Hence, owing to its low binding affinity, the mechanisms underlying ATP’s role in modulating LLPS seem highly contingent on the specific context. In the case of the 156-residue FUS CTD, featuring 25 Arg and 4 Lys residues, ATP’s bivalent binding to these residues directly induces LLPS by generating sizable and dynamic complexes at low ATP concentrations, followed by dissolution at higher ATP concentrations due to excessive binding (Figure 4b). Conversely, for the 150-residue TDP-43 PLD with only five Arg residues and one Lys residue, ATP binding alone seems insufficient to drive LLPS. Thus, it necessitates the coordination of other contributing factors, particularly the oligomerization of the distinctive hydrophobic region, to induce LLPS (Figure 4c).
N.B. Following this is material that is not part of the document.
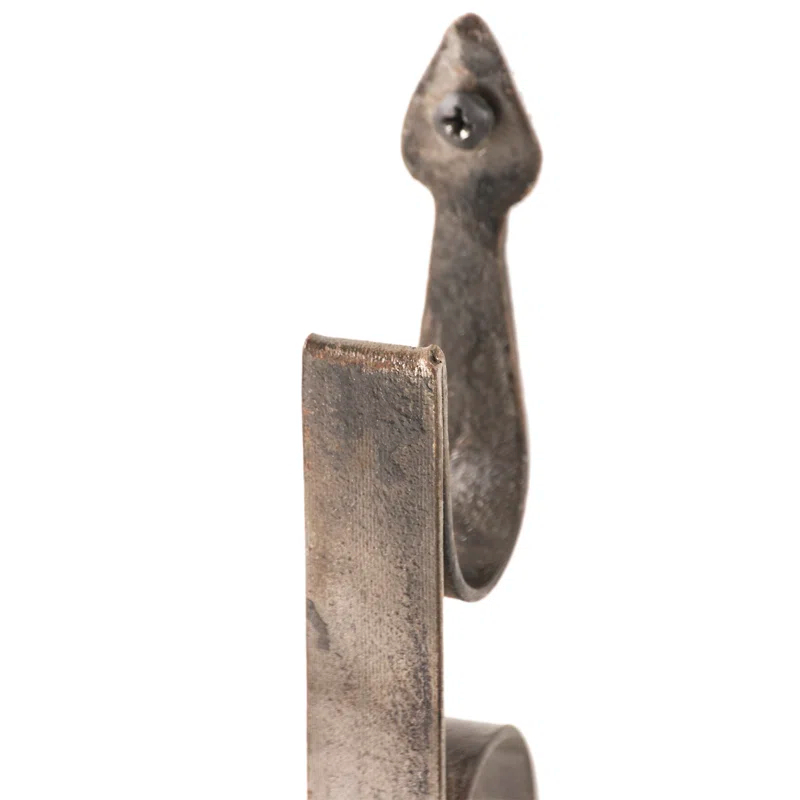Artesano Iron Works Hand Forged 6.25"  Wrought Iron Cabinet Door Handle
In a follow-up study [100], three distinct ssDNA sequences were demonstrated to biphasically modulate the LLPS of a TDP-43 WT PLD, but with varying effectiveness. A6 induced maximum LLPS at a ratio of 1:3, with complete dissolution observed at 1:5. Conversely, the stepwise addition of Tar32 led to peak LLPS at a ratio of 1:0.25, followed by dissolution at 1:1 (PLD:Tar32). A32 also triggered and dissolved LLPS in a pattern similar to Tar32. NMR analysis revealed that A6 caused shifts in a limited set of HSQC peaks, resembling the pattern induced by ATP. In contrast, Tar32 induced shifts across a broad spectrum of HSQC peaks throughout the PLD sequence, and A32 exhibited a shift pattern similar to that of Tar32. Notably, in PLD Δ(311–343), A6 caused shifts of a limited set of HSQC peaks, akin to those induced by ATP. However, even at a ratio of 1:5 (PLD:A6), A6 failed to induce LLPS. Conversely, Tar32 triggered LLPS, reaching its peak at 1:0.25, with complete dissolution observed at 1:1 (PLD:Tar32). Intriguingly, A32 displayed LLPS modulation patterns highly reminiscent of Tar32. Subsequent NMR analysis revealed that the residues with significant perturbations by both Tar32 and A32 are very similar, indicating a striking similarity between their effects.
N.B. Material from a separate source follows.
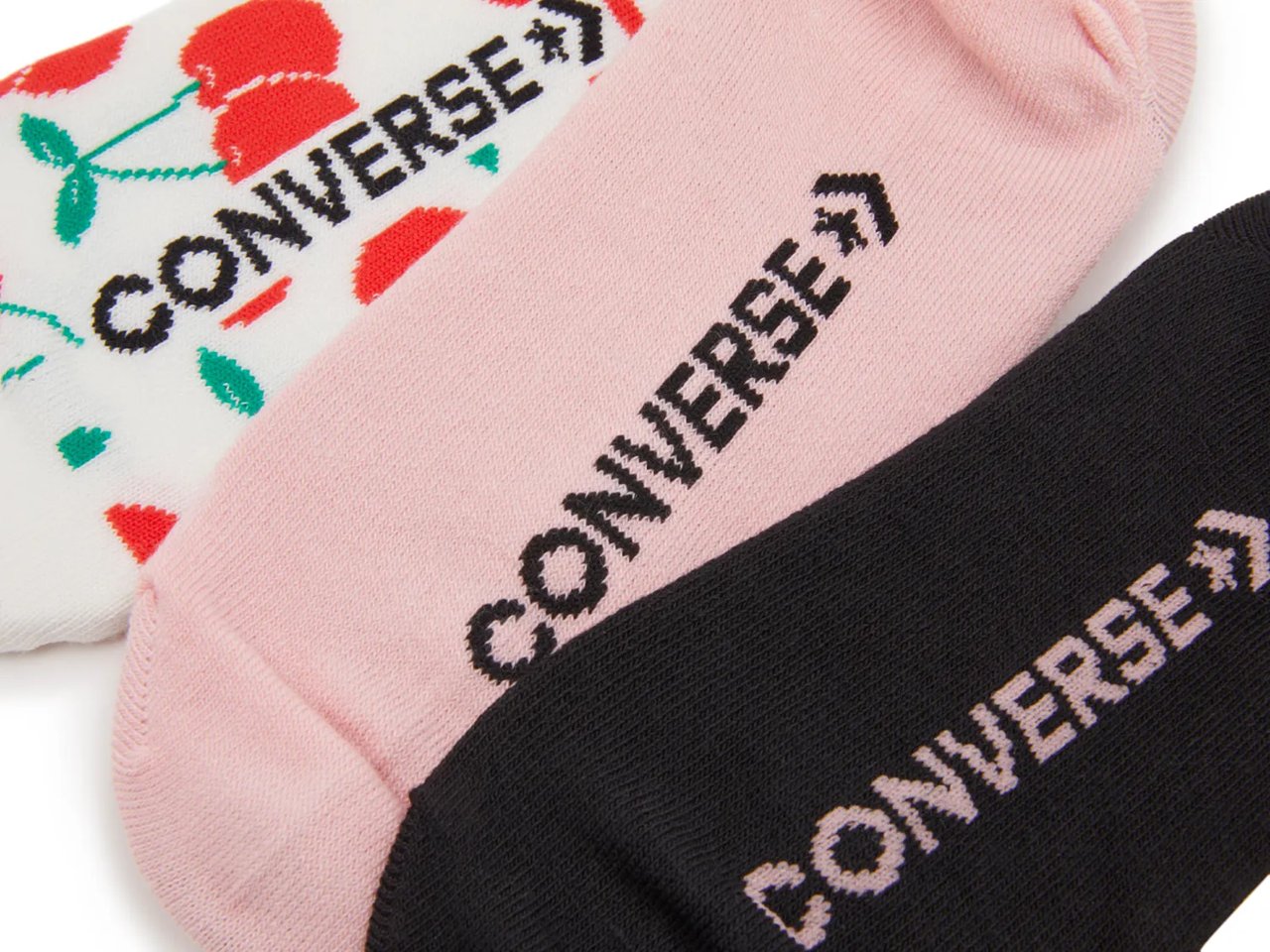 Cherry Women's No Show Socks - 3 Pack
These results suggest that the presence of the hydrophobic region 311–343 does not notably influence the binding affinity of A6, A32, or Tar32 to Arg/Lys residues. However, it plays a significant role in bolstering the force driving LLPS. As such, although ATP and A6 bind to similar residues in WT PLDs and PLD Δ(311–343), they fail to induce the LLPS of PLD Δ(311–343) due to the low binding affinity and absence of an inherent driving force from the oligomerization of the residues 311–343. In contrast, Tar32/A32, which exhibit multivalent binding with stronger binding affinity, are capable of instigating and resolving the LLPS of PLD Δ(311–343), even without the intrinsic driving force.

3.3. How ATP and Nucleic Acids Interplay to Modulate the LLPS of the SARS-CoV-2 N Protein

The N protein of SARS-CoV-2 features three lengthy IDRs abundant in Arg/Lys residues, but lacks Tyr and Trp, having only two Phe residues within these regions. Consequently, the N protein exhibited minimal phase separation capacity in the absence of ATP and nucleic acids. Furthermore, the C-terminal folded domain (CTD) not only facilitates dimerization, but also enhances oligomerization, potentially reinforcing LLPS but also exacerbating aggregation, akin to observations in the hydrophobic region of the TDP-43 PLD. While turbidity measurement and DIC imaging revealed the biphasic effects of ATP and the nucleic acids of both specific and non-specific sequences on the LLPS of the entire N protein, the aggregation-prone complexity hinders detailed residue-specific investigations using NMR techniques [103]. However, a recent NMR characterization of a dissected fragment, N (1–249) composed of the folded NTD and two IDRs, elucidated the modulating mechanism of LLPS by ATP and a 32-mer S2m ssDNA derived from the stem-loop II motif of SARS-CoV-2 [103].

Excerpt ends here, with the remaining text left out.